General Motors a dévoilé lundi un régime d'indemnisation prévoyant 1 million de dollars au moins pour chaque décès causé par un défaut technique de millions de voitures tardivement rappelées, avec l'espoir de tourner une page peu glorieuse de son histoire.

Le numéro un américain de l'automobile est accusé d'avoir commercialisé des voitures où le commutateur d'allumage était si sensible que le moindre cahot pouvait provoquer l'arrêt du moteur d'une voiture lancée à pleine vitesse, bloquant la direction assistée et empêchant le déploiement des airbags.

Cette malfaçon connue depuis 2005 par GM aurait provoqué 54 accidents, entraînant la mort d'au moins 13 personnes, selon un décompte du constructeur, qui a finalement décidé en février de rappeler 2,6 millions de véhicules en Amérique du Nord (États-Unis, Canada et Mexique).

Mais selon un examen des statistiques fédérales sur les accidents de la route réalisé par la presse américaine, ce sont 309 conducteurs et passagers qui auraient été tués dans des accidents impliquant un véhicule de GM rappelé et où l'airbag ne s'est pas déployé. Quelque 228 autres personnes auraient été blessées, selon ce décompte.

Le groupe automobile va offrir au minimum un million de dollars pour chaque mort, selon le régime d'indemnisation dévoilé par l'avocat de renom Kenneth Feinberg, recruté en avril par GM.

Ce plan prévoit aussi d'indemniser les personnes ayant subi un préjudice corporel. Le montant varie de 20 000 dollars (pour des blessés légers ayant passé une nuit à l'hôpital) à 500 000 dollars (pour ceux qui ont été hospitalisés au moins 32 nuits).

Nombre important de demandes

M. Feinberg, connu pour avoir notamment administré les indemnisations de BP lors de la marée noire dans le golfe du Mexique, indique aussi qu'il n'y aura pas de «plafond» au montant des dédommagements pour certaines catégories de victimes.

GM ne tiendra pas non plus compte des éventuelles responsabilités individuelles des conducteurs (excès de vitesse, taux d'alcoolémie...).

Les plaignants doivent prouver que la défaillance du commutateur d'allumage a été la «cause immédiate du décès ou du préjudice corporel causé par l'accident».

Les personnes indemnisées renonceront à leur droit d'intenter une action en justice contre GM, selon ce plan.

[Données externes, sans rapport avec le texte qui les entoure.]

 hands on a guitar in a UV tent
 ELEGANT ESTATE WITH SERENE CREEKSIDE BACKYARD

Les victimes et familles de victimes qui avaient déjà trouvé un accord avec GM sans être au courant que le véhicule était équipé d'une pièce défectueuse «pourront percevoir des dédommagements supplémentaires».

M. Feinberg dit s'attendre à «un nombre important de demandes».

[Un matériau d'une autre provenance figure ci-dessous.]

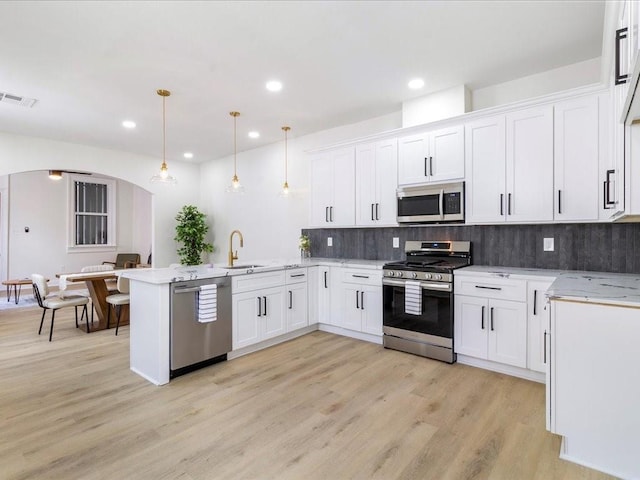 kitchen featuring a sink, arched walkways, visible vents, a peninsula, and appliances with stainless steel finishes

Les demandes d'indemnisations seront examinées à compter du 1er août et le groupe se donnera 90 à 180 jours pour verser les sommes aux plaignants.

«Nous prenons nos responsabilités pour traiter les victimes et leurs familles avec compassion, décence et justice», a réagi lundi, par courriel, la directrice générale Mary Barra, dont la gestion de cette affaire est saluée par les marchés et les analystes.

Tourner la page?

GM espère ainsi tourner cette triste page de son histoire, qui a révélé des lourdeurs administratives, des dysfonctionnements et un manque de communication entre ingénieurs et direction.

Mary Barra a vertement critiqué cette culture interne depuis son arrivée à la tête du groupe en janvier, et promis un nouveau GM plus focalisé sur la sécurité.

Si elle a écorné son image, cette crise n'a pas touché les ventes, remontées en mai à leur plus haut avant la crise financière.

Mais le coût financier s'annonce exorbitant. GM a déjà provisionné 2 milliards de dollars pour les rappels, ce qui a englouti ses bénéfices au premier trimestre.

Le groupe automobile reste sous le coup d'enquêtes du département de la Justice, du gendarme des marchés financiers, la SEC, et du Congrès.

L'affaire pourrait aussi se déplacer devant des tribunaux où des douzaines de plaintes ont déjà été déposées contre le groupe automobile.

Une rencontre est prévue le 11 août entre les avocats des parties et un juge de Manhattan, Jesse Furman, qui avait supervisé la faillite du groupe automobile en juin 2009.